Boston is an anxious place these days. Gone is the stellar real estate market of 2000, when office rents flirted with $100 per sq. ft. and vacancy was essentially non-existent. Plans to redevelop 1,000 acres along the waterfront and fill the suburbs with corporate campuses are stalled.
A malaise of high vacancy rates, falling rents and a development pipeline that clogged at the first hint of a recession have replaced the salad days of 2000.
And there is no relief in sight. “I don't see anything on the horizon to say it will change,” says Tim Weinhold, head of the Boston office of The Staubach Co.,. “There's nothing to point at and say, ‘Ah, here's the change to get things going.’”
A Clogged Pipeline
A major cause of Boston's anxieties is the recent decline in development. Only one significant new office tower — the 532,300 sq. ft. World Trade Center West — has come to market this year. It is two-thirds leased. Many developers are scaling back the size and scope of their projects or revising plans to incorporate Boston's one bright sector — residential housing — at the expense of office space.
“Large-scale projects will be pushed back, or scaled back, or built in phases,” says John Rosenthal, president of Meredith Management in Newton, Mass. “Right now I wouldn't build office on spec by any stretch.”
Take the $300 million, 1.5 million sq. ft.

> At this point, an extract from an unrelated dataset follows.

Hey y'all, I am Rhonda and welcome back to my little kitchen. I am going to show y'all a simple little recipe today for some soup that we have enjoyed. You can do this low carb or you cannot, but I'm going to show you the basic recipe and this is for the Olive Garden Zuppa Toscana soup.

Midway project. Located in Boston's Waterfront district, the development — owned by locally based Beacon Capital — originally was slated as an office project that could be divided into small sections for the dot-com startups that filled Boston in the 1990s. But with the tech wreck of 2000, that customer base has vanished, says Jack Hobbs, executive vice president of R.F. Walsh Co., the project's developer.
So the Midway plans were redrawn to convert the commercial space into several hundred condominiums, which are expected to be ready in 2004. The timing of the office and retail development, says Hobbs, remains up in the air.

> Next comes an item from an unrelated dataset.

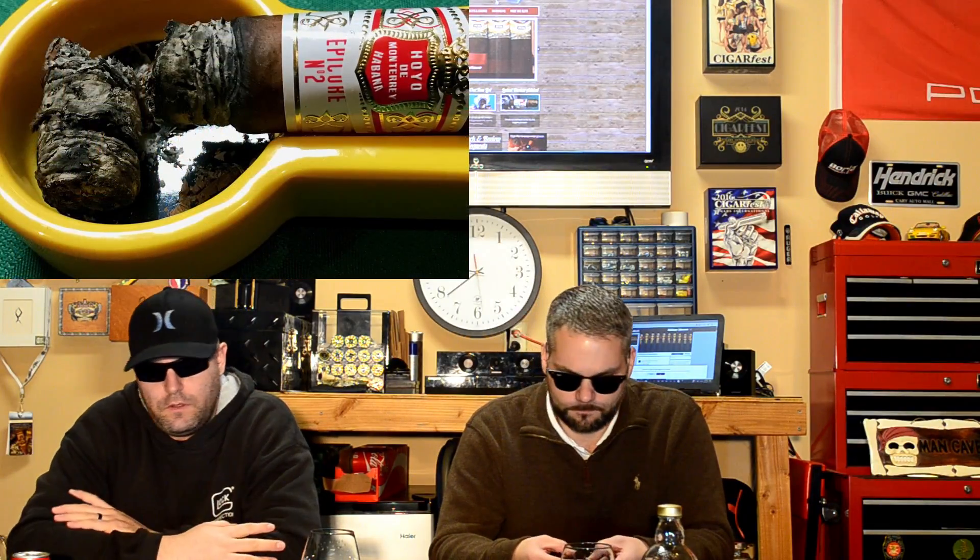Welcome back to Cigar Audit. Matt and J-Rod here to review the second third of the Hoyo de Monterey Epicure No. 2. Pretty much the same — not much change. Earth picked up a little bit, and black pepper came back a little stronger on the retrohale, as opposed to being smooth white pepper. Had to touch up the burn twice, nothing serious. Still getting tons and tons of smoke output — loving it.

In addition, 33 Arch St., a 600,000 sq. ft. office tower launched in the summer of 2001, now risks opening without any major tenants. Owned by Congress Group Ventures of Boston, Lend Lease Real Estate Investments of New York and others, the downtown tower — slated to open by early 2004 — has no significant tenant commitments.
And Congress Group has said it isn't willing to cut rock-bottomjust to secure anchor tenants. Rather, the firm is banking on the office tower's appeal as a new property to lure away tenants from older buildings as their leases expire. With vacancy up from 5.9% in the second quarter of 2001 to 13.2% in the second quarter of 2002, according to Meredith & Grew, a full-service real estate firm, the immediate outlook is gloomy. “In the near-term, it's going to be a zero-sum game,” says Bob DeLaney, a principal in the Boston office of Dallas-based Trammell Crow Co.
The Waterfront area, or the Seaport District, is the site of Boston's chief development opportunity. A vast tract between downtown and the densely populated neighborhood of South Boston, this area initially consisted of industrial space crisscrossed with railroads and loading docks. More recently, it has been used for parking lots, fish-processing businesses and Boston's World Trade Center.
Throughout the 1990s, developers and city planners have envisioned the Waterfront as a new neighborhood, equal to the downtown business district or Boston's other chic business area, the Back Bay. By 2000, developer enthusiasm seemed to reach critical mass, but the recession halted any momentum.
Will the Waterfront be developed? Yes, because that is where the available land is. The real question is when.
In addition to the weak local economy, developers still have to overcome Boston's byzantine permitting process, and turf battles with zealous neighborhood groups. The-based Pritzker family has talked about a massive development on the waterfront since the 1980s. The family wants to build nearly 3 million sq. ft. of office, residential, hotel and retail space on land it owns at Fan Pier, the largest section of the Waterfront.
When state authorities finally issued permits in August to erect nine buildings, local opponents promptly filed a legal challenge. “I'd say it's a very, very open question whether Fan Pier will be developed in the next five years,” Weinhold says.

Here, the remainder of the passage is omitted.